_Instructions to follow:_ Beginning at the line containing "Thermostat d'eau VEMO OEM 60809590", repeat each line below exactly up to and including the line containing "S65-63846_G07-H". Do not repeat the pictures.

_Extracted entries:_
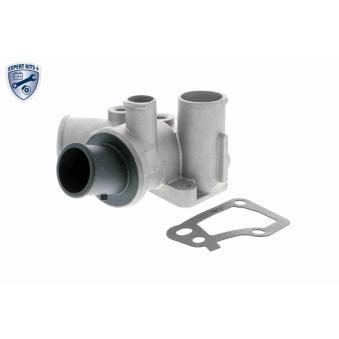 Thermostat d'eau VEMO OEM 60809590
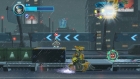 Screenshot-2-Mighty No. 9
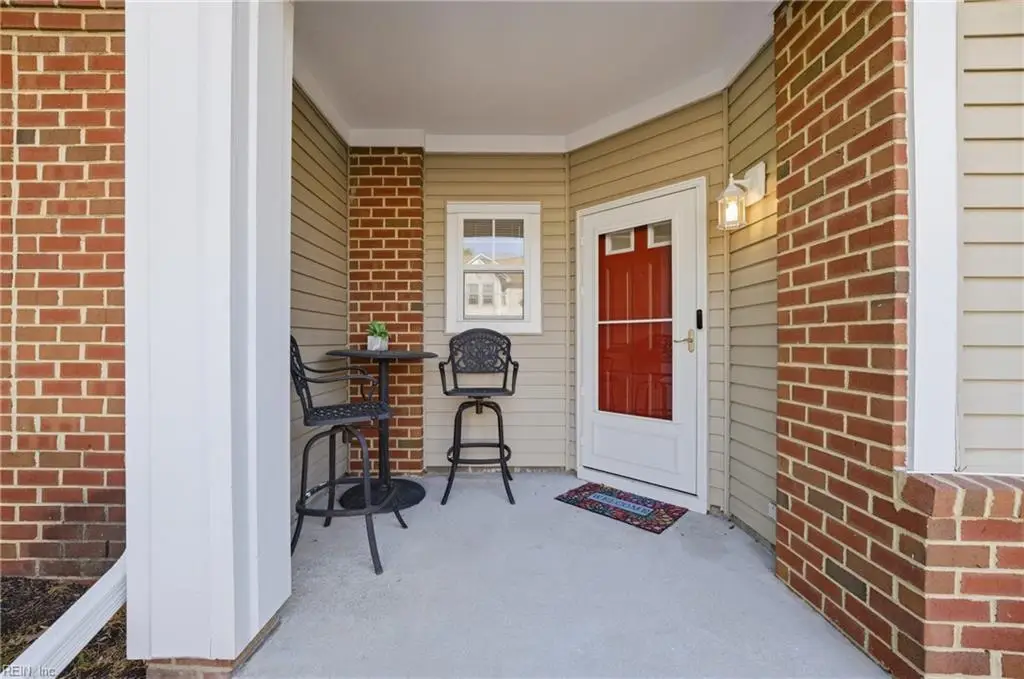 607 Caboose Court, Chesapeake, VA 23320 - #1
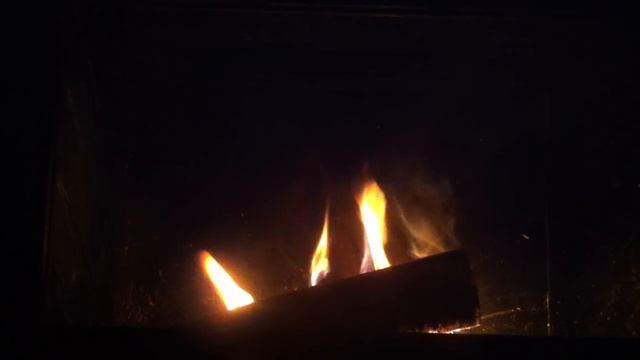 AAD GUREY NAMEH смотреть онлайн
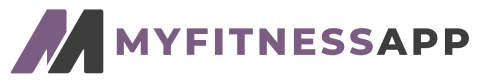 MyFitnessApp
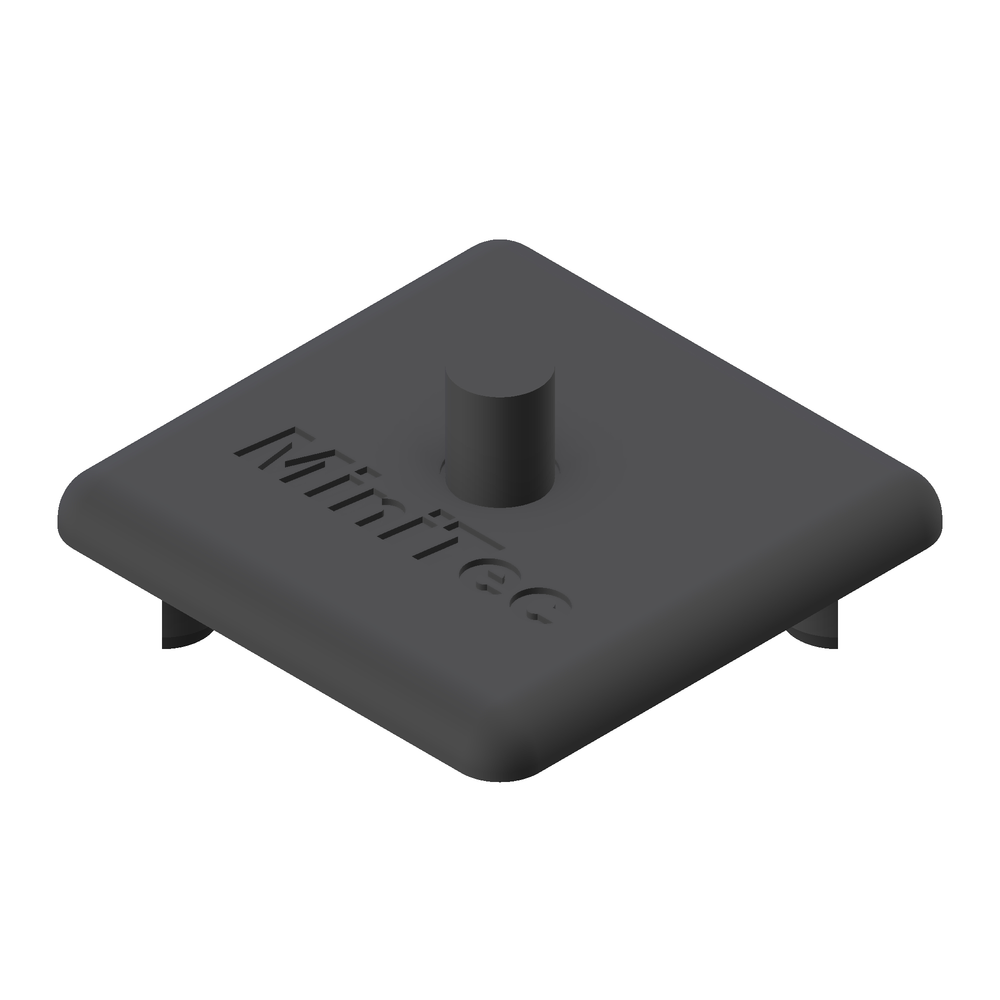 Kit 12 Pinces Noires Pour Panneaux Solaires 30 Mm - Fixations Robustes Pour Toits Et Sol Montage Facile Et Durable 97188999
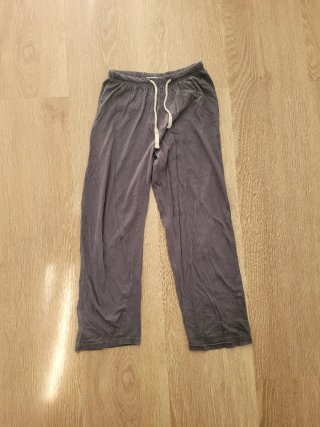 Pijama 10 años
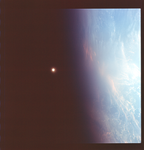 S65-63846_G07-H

==

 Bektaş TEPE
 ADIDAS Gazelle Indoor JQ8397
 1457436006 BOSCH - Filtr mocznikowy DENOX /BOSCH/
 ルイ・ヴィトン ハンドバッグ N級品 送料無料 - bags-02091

_Your response:_
 Thermostat d'eau VEMO OEM 60809590
 Screenshot-2-Mighty No. 9
 607 Caboose Court, Chesapeake, VA 23320 - #1
 AAD GUREY NAMEH смотреть онлайн
 MyFitnessApp
 Kit 12 Pinces Noires Pour Panneaux Solaires 30 Mm - Fixations Robustes Pour Toits Et Sol Montage Facile Et Durable 97188999
 Pijama 10 años
 S65-63846_G07-H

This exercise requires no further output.